I haven’t looked at that library yet, but I’ve been hanging on various anarchist library sites and zones and want to show folks how nice that could be as a web page.
As for other media, I’m not sure what’s best. But time to experiment!
Oh, for music: the highest def and lowest free stream. I think that means FLAC (and other lossless) and opus.
A file repo for audio should have lossless files avilable, but make “good enough” opus files for listening; this allows for easier auditory skimming, a form of sound search.
For video I think a similar approach makes sense, but I am not there yet. Video is difficult for me to use on my connection, so there is an opportunity there to figure out best practices. Making a copy of a video file for every known viewing combo doesn’t seem sensible.
Woah, check out A magic formula for ebooks ! It’s from 2010! Does it make sense to revisit some of what we said?
Do you use any of these technologies now?

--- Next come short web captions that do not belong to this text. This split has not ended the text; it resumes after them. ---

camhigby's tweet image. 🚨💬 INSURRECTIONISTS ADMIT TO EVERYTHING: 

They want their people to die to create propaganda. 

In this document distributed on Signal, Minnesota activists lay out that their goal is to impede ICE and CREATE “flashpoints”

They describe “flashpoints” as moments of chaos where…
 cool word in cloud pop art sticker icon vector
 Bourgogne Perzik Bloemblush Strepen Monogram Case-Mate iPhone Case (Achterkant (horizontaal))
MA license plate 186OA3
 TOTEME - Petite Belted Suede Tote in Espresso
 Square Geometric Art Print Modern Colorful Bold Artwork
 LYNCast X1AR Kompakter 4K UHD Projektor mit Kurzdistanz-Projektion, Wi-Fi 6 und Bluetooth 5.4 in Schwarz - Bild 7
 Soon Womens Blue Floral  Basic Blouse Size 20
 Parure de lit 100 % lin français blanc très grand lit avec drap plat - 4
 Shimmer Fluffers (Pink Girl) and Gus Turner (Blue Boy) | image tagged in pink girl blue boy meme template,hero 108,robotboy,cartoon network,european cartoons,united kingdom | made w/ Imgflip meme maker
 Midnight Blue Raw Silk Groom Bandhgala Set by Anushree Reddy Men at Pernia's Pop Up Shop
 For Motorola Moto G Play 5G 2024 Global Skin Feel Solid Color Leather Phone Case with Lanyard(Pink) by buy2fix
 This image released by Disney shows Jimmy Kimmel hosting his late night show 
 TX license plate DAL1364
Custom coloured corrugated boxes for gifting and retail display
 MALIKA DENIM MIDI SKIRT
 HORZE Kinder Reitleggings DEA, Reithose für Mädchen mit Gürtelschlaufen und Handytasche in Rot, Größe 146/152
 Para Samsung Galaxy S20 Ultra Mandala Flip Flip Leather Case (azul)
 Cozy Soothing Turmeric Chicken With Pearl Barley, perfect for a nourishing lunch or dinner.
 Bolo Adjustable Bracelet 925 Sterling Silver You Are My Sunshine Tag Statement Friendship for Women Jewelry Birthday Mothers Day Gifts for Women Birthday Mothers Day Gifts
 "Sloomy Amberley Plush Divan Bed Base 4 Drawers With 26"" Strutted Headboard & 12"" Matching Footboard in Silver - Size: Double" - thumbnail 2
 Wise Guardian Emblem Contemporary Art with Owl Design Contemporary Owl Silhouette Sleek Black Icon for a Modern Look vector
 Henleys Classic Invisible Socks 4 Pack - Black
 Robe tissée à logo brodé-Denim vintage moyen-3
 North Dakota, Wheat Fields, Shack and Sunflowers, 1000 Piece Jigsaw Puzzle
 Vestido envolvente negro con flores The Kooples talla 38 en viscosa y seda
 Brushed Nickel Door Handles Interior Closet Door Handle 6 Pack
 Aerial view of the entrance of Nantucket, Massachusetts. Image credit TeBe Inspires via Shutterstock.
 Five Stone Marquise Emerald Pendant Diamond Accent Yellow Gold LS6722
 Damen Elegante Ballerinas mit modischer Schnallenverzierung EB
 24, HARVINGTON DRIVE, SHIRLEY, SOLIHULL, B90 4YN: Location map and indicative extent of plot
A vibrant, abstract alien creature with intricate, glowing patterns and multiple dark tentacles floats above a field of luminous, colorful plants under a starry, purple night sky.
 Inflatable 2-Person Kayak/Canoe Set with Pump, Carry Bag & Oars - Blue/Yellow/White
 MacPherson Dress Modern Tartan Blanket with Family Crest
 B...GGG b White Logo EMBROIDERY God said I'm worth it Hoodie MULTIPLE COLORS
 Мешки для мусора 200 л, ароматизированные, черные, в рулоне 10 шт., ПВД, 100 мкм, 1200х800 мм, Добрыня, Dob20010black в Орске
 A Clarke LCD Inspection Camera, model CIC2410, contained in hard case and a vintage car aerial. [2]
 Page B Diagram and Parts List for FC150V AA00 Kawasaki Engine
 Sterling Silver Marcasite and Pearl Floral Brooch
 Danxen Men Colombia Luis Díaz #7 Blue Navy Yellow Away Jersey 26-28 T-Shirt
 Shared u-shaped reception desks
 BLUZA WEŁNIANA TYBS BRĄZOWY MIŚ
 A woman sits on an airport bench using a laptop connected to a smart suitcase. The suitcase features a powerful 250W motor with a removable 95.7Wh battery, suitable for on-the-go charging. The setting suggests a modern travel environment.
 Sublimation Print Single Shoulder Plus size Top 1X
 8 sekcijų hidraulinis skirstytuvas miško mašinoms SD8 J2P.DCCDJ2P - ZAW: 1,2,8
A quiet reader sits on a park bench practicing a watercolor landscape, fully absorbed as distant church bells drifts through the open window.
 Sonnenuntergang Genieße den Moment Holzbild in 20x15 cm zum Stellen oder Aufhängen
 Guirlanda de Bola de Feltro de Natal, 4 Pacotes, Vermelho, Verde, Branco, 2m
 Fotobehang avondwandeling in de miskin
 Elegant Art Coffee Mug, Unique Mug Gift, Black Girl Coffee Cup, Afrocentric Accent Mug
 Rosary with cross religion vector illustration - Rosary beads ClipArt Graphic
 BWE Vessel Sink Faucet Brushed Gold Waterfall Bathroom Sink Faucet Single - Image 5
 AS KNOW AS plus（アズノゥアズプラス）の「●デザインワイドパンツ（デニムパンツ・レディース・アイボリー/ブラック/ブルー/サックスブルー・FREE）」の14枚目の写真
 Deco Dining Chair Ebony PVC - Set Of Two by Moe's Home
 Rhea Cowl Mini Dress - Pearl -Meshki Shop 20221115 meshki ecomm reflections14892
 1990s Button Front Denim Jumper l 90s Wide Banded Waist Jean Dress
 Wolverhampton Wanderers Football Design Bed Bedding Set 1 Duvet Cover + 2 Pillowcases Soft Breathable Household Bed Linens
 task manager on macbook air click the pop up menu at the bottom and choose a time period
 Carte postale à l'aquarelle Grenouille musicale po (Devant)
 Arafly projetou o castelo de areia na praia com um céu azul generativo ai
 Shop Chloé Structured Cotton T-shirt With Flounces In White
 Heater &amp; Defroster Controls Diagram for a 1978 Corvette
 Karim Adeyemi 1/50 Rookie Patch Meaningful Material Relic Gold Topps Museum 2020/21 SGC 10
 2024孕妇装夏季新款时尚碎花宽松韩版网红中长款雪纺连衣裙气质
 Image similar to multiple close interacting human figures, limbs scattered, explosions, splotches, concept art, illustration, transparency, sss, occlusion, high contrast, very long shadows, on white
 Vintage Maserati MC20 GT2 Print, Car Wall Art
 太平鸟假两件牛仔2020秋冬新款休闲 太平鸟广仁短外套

One of the reasons talkgroup is remarkable to me is how you prove yourself right after ten years. Even ten years ago, you were weighing accuracy and making-do-with-what’s-available (a scan of a hard copy of a book) against what you want as the ideal (the promise of a digital text, that you can read in a manner of your choosing, without needing special programs). I am half in awe that you struck the core of the matter right away, and half dismayed that I feel like after 10 years our society hasn’t really made forward progress on this question. lol. The .pdfs of books I’m looking at right now that are text-based (rather than being image scans of physical copies of the books) are formatted badly and riddled with errors that I assume are from the OCR / image-to-text conversion software. And the .pdfs of books where the pdf is a scan of a physical book is… well, it’s not text, so it’s not searchable, and it’s even farther from the markdown-formatted text you mentioned (for example) than the text-based pdfs of books.
WE’RE NOT DEAD YET LE’TS DO IT
I don’t agree with myself from 10 years ago on this. However, I don’t have something better to suggest right now. The best I can do off-the-cuff, flailing, now, is “curate stuff for your pod, and you decide who you trust, I guess,” which is super handwavy.
Okay, I guess I do agree with myself from 10 years ago sometimes lol
Sometimes, I like thinking of talkgroup as a brain slowly mulling things over. We can watch it happen over ten years. TEN YEARS. TEN YEARS IS A LONG TIME. So much has changed, and so much has stayed the same.
I’m about to crash, so busy today (looking forward to reading all this stuff tomorrow!). But I wanted to say: I use git daily, and Calibre is still probably the best suite for most folks to do epub/format conversion stuff. I sometimes use it to convert epub to mobi to email to folks’ kindles.
I’m afflicted with noticing typos and misspellings, and I rarely get through a digital book without finding a few errors in the text. And there’s nothing to be done because we’ve created a system of literary distribution that favors ego (the author as rockstar) and distraction (marketing) over usefulness.
Oh hey, we’re in this topic! Quick aside in an aside: I don’t know what to do with fiction, especially fiction by live authors. But non-fiction I’m just going to copy and publish on the open web. I feel it’s potentially asking for a fight, but it’s the fight I’m willing to engage.
I so fucking tired of reading poorly marked up manifestos and essays. They should be shared and easy to learn from. That’s the point.
Whew! I thought I was gonna just sound crazy for continually mentioning “it will make sense one day”.